Locke Capital Management Inc. and its chief executive, Leila Jenkins, lied repeatedly to customers by inventing clients who supposedly lived in Switzerland and had more than $1 billion in assets, the SEC charged today.
Locke Capital Management Inc. and its chief executive, Leila Jenkins, lied repeatedly to customers by inventing clients who supposedly lived in Switzerland and had more than $1 billion in assets, the Securities and Exchange Commission charged today.

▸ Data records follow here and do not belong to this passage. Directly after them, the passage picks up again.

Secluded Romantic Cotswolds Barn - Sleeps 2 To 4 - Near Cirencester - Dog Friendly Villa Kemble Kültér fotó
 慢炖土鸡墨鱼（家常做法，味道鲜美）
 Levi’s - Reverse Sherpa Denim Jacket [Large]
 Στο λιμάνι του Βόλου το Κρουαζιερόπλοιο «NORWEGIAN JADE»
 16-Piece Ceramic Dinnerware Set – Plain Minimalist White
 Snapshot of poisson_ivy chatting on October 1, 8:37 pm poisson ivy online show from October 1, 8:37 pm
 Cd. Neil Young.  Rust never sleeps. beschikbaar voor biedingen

Ms. Jenkins, CEO, president and chief investment officer of the Newport, R.I.-based investment advisory firm, invented a “massive” phony customers in order to land real clients, the SEC said in a complaint filed in the U.S. District Court for the District of Rhode Island. In addition, she lied to SEC staff about the existence of the invented client and furnished the agency with bogus documents, including fake account statements, the agency said.
Ms. Jenkins maintains residences in Newport and Palm Beach, Fla., the SEC said. International securities officials assisted the SEC in making the case, including the U.K. Financial Services Authority, the Swiss Financial Market Supervisory Authority and Spain’s Comisión Nacional del Mercado de Valores.
The SEC said it is continuing to investigate the case.
The fraud was conducted from at least 2003 to 2009, the SEC said. Ms. Jenkins and Locke, which listed $1.3 billion in assets on an ADV disclosure form dated Feb. 2008, also misrepresented the performance of the advisory firm for years, according to the SEC’s release.
The conduct “was particularly egregious because Jenkins lied to the SEC staff to try to escape detection,” SEC enforcement division director George Curtis said in the release.
"We've not yet been served with the complaint, but to our understanding there's no issue here of any client funds or securities being missing or misappropriated," said Ed Searby, a partner with Cleveland law firm McDonald Hopkins LLC, who represents Ms. Jenkins and Locke Capital Management.